# Eye Candy



## spacedoggy (May 11, 2006)

Now this is art.


----------



## SAS MAYHEM (May 16, 2007)

Yep!!! the Sarsilmaz Bernardelli 15+1, real sexy


----------



## Baldy (Jun 21, 2006)

I would say that's eye candy all right. How does it shoot?


----------



## tony pasley (May 6, 2006)

Looks good How does she dance?


----------



## OMSBH44 (Jul 7, 2006)

Plastic!

Ah..YuccH!


----------



## spacedoggy (May 11, 2006)

Baldy said:


> I would say that's eye candy all right. How does it shoot?


I don't know Baldy, SAS MAYHEM sent me to their site. You know I'll do anything for you and if you need to know get with SAS MAYHEM, buy one for me and send it to me soon so I can do A A+ review for you. I'd ask OMSBH44 to do it but you know how he is about plastic so that means he drive a model T and that would take him for ever.

That baby just caught my eye.


----------



## SAS MAYHEM (May 16, 2007)

I've been in contact with Mr. Cherry of Cherry guns. I hope I'll know something in the AM. He told me that there are going to carry them, and I was put into contact with Cherry by Sarsilmaz in Turkey inquiring the purchase of any one of there pistols. So I hope to know somthinh soon. And if I do I'll pass it on to you all ASAP :smt023

Cheers


----------



## SAS MAYHEM (May 16, 2007)

I just got this e-mail from Mr. K Cherry

_"ALL Sarsilmaz items will be available on a special order only. Until we get a good fix on what sells we will not be stocking anything. The only items I will have will be the Sarsilmaz items. If you go to their web site, let me know which guns and which finish you are interested in and I can quote you a price.

Sincerely,

Kevin Cherry"_

So I'm going to send him a list today to see what the costs are for the firearms.


----------



## SAS MAYHEM (May 16, 2007)

I sent a e mail to Cherry today and asked for prices on these 5.

BERNARDELLİ
BERNARDELLİ COMPACT
K2
KAMA LONG
KAMA SPORT


----------



## SAS MAYHEM (May 16, 2007)

Well I jut got this e from Mr Kevin



> We can surely get the guns but, right now, we are not stocking anything. We are accepting orders and, when we have 30 or 40 pieces accumulated, they will ship the guns to us. Otherwise, it becomes too expensive.
> 
> Best Regards,
> 
> Kevin


Right now I'm trying to get the part numbers then he can get us some prices.


----------



## stormbringerr (May 22, 2007)

they have the SARSILMAZ HANCER 9MM at academy in Austin for $399.00


----------



## denfoote (May 7, 2006)

*I dunno.*

Last week our wonderful congress did something stupid.

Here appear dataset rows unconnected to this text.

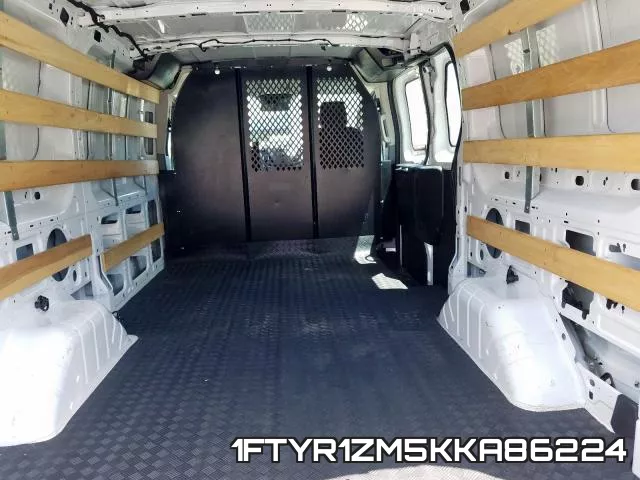1FTYR1ZM5KKA86224 фото 10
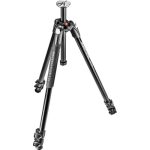Manfrotto 290 Xtra Aluminum Tripod with 128RC Micro Fluid Video Head - Image 4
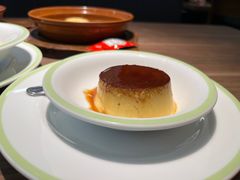 焦糖布丁-萨莉亚意式餐厅(华泾天街店)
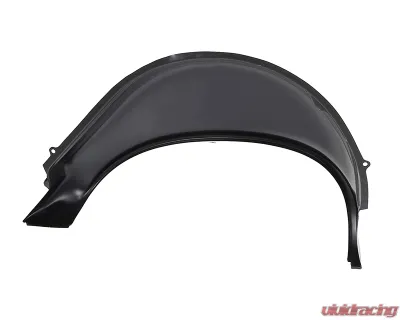 AMD LH Outer Wheelhouse Plymouth B-Body 1963-1965 - 770-1463-L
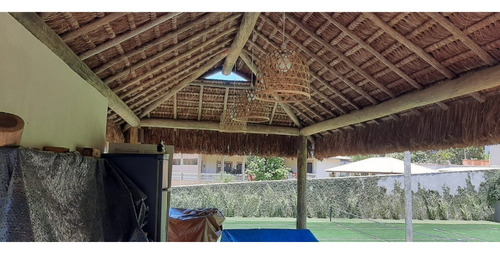 Qiuosque De Piaçava, Blockfort Araçariguama Sp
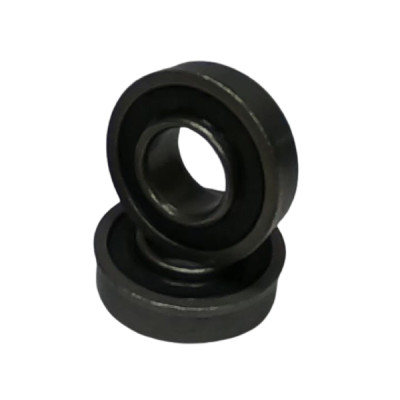 Подшипник колеса тачки садовой (ось 16мм) 47, закрытый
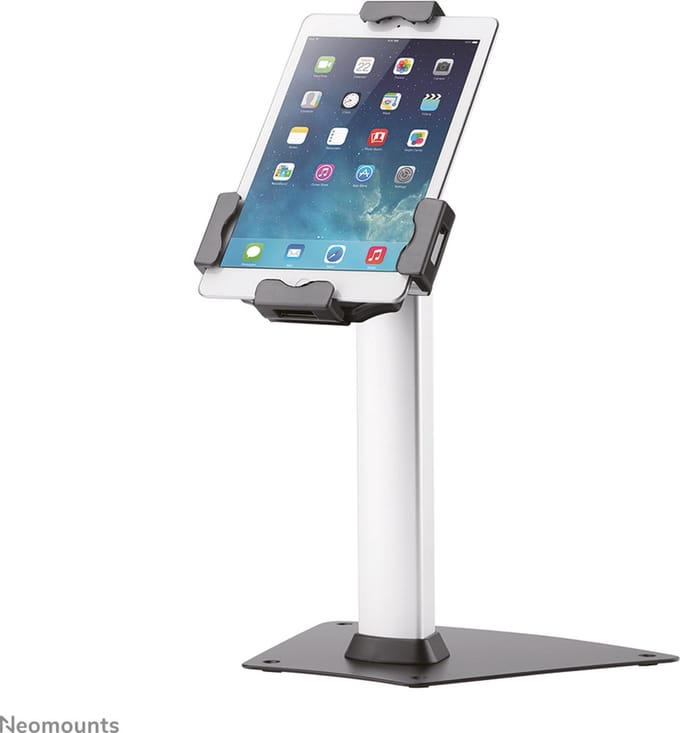 Neomounts TABLET-D150SILVER tabletsteun - zilver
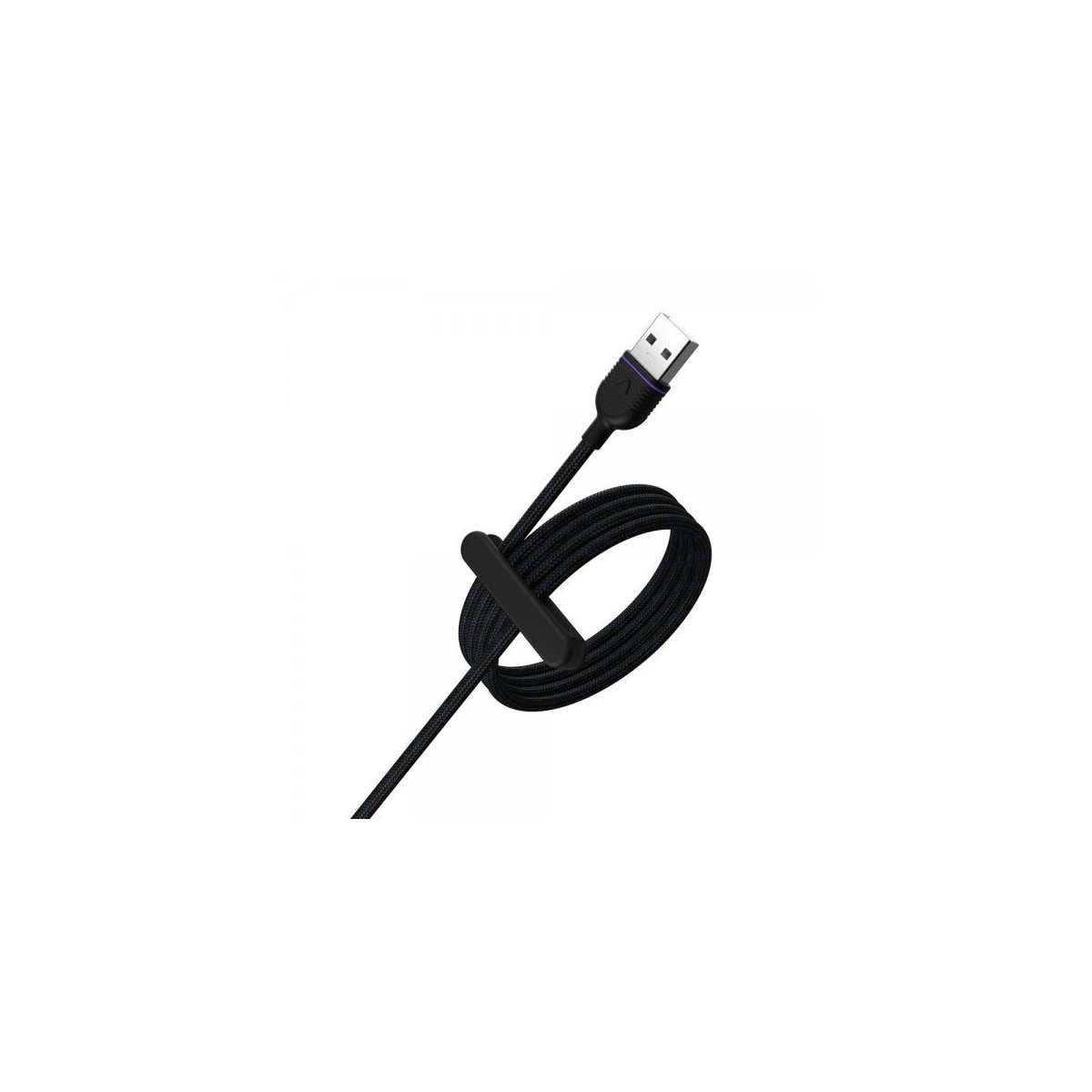 Unisynk USB-A til Micro-USB kabel 1.2 m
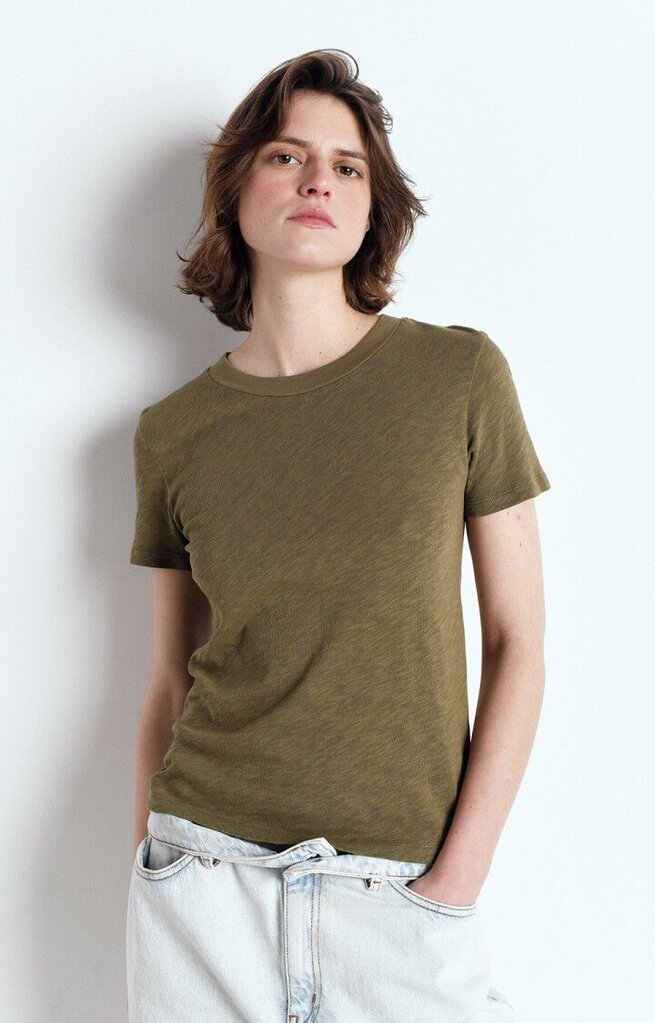 American Vintage Sonoma T-shirt - Buisson Vintage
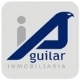 Logo Inmobiliaria Aguilar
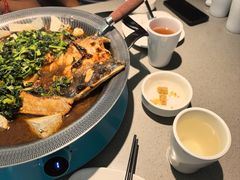 -半天妖烤鱼(西直门凯德mall店)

They condemned Turkey for something that happened over 150 years ago.

Turkey has recalled their ambassador, so officially, there is no diplomatic relations. In addition, Turkey is talking about invading Iraq to get rid of the Kurds, which will put us in a direct shooting war!!

Point is, there may not be any Turkish pistols coming into the country!!!


----------



## spacedoggy (May 11, 2006)

denfoote said:


> Last week our wonderful congress did something stupid.
> 
> They condemned Turkey for something that happened over 150 years ago.
> 
> ...


Don't worry I just called GWB and told him there are WMD hidden in all the Turkey's firearms and send in the troops and bring these back here.

I'm making a joke because I'm very fond of our president.


----------